▶ **Required action**
An exact copy is needed of the lines in the entries below from the line with "Firstly, all the" up to and including the line with "So now that", and of nothing else. Leave the pictures out.

▶ **Recorded data**
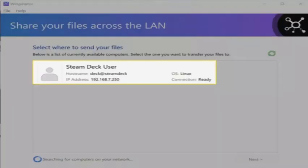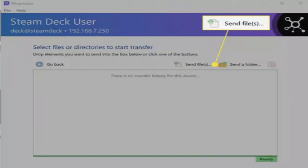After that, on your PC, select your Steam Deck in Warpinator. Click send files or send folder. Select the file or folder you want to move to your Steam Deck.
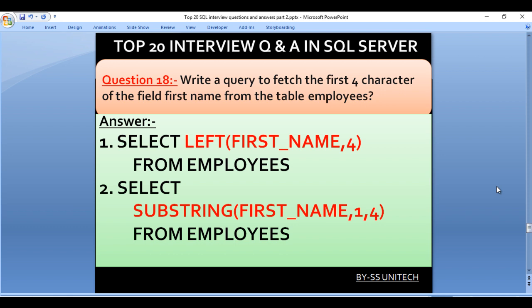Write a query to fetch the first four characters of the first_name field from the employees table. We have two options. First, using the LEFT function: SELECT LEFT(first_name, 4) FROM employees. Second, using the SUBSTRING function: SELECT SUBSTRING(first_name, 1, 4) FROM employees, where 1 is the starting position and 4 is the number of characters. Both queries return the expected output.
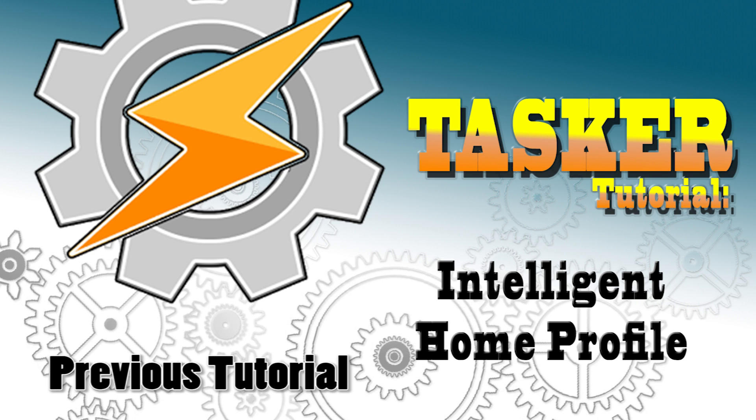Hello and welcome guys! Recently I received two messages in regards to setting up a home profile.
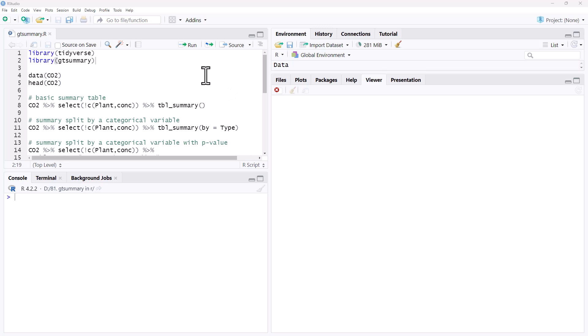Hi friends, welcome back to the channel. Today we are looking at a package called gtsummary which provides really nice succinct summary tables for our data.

==

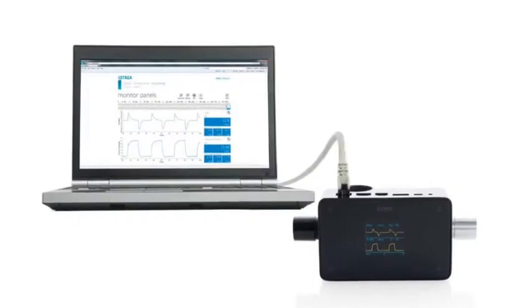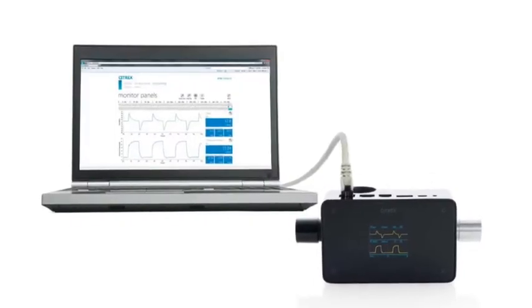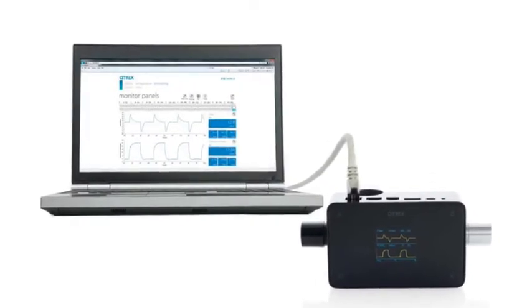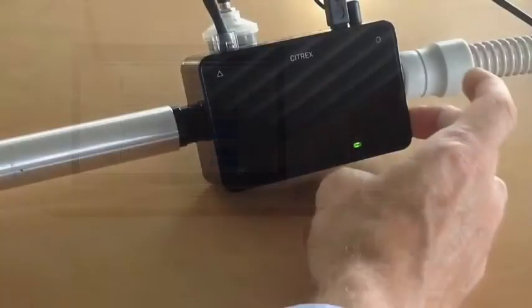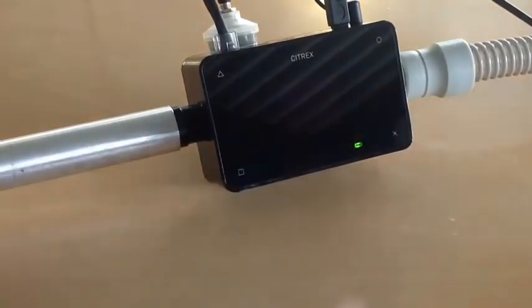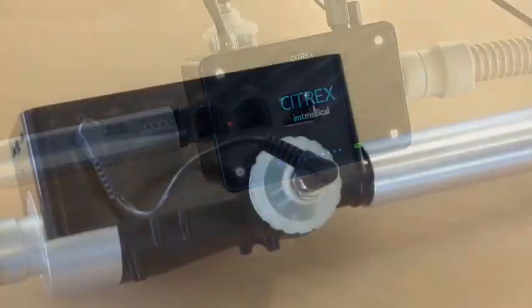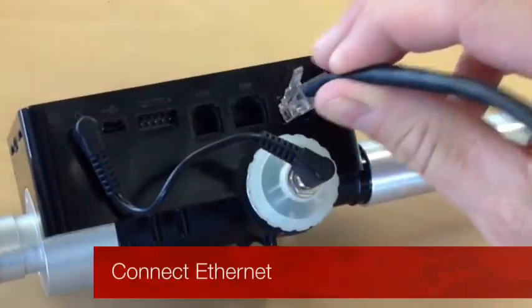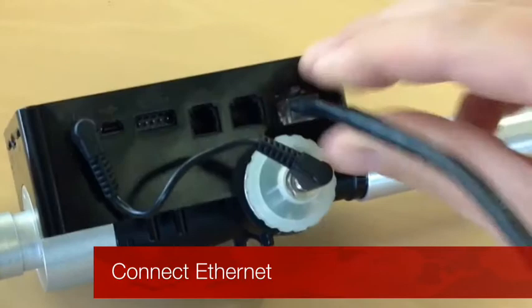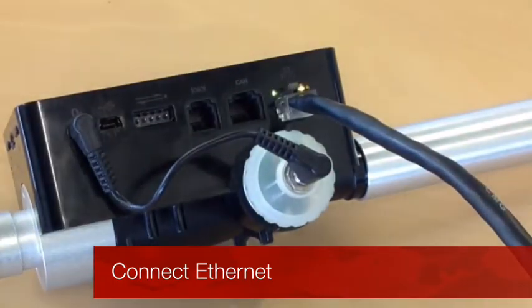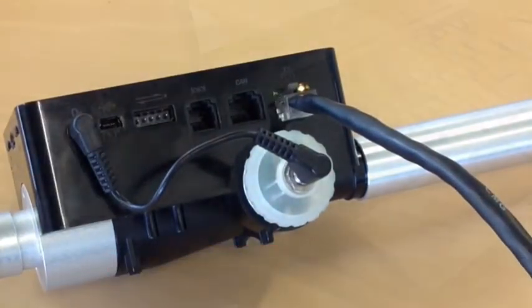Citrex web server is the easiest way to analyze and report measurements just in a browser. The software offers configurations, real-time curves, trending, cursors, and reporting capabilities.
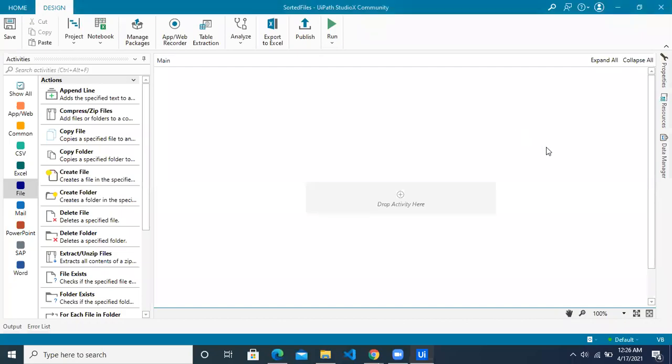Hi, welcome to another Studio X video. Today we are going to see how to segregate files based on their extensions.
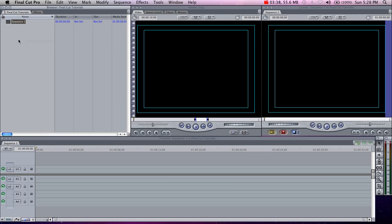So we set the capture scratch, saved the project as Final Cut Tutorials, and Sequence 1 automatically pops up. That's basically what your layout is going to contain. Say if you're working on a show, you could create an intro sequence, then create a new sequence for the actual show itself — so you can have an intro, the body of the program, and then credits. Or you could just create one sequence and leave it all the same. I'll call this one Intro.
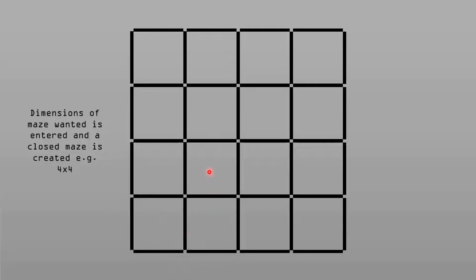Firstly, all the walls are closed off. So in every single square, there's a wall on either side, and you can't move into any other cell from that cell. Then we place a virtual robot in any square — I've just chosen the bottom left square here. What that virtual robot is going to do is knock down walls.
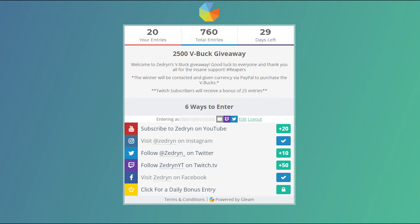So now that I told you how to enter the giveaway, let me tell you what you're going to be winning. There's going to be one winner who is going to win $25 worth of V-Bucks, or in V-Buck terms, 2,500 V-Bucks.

--

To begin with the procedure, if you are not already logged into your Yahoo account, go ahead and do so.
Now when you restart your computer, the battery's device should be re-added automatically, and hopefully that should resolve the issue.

▶ **Solved problem**
Firstly, all the walls are closed off. So in every single square, there's a wall on either side, and you can't move into any other cell from that cell. Then we place a virtual robot in any square — I've just chosen the bottom left square here. What that virtual robot is going to do is knock down walls.
So now that I told you how to enter the giveaway, let me tell you what you're going to be winning. There's going to be one winner who is going to win $25 worth of V-Bucks, or in V-Buck terms, 2,500 V-Bucks.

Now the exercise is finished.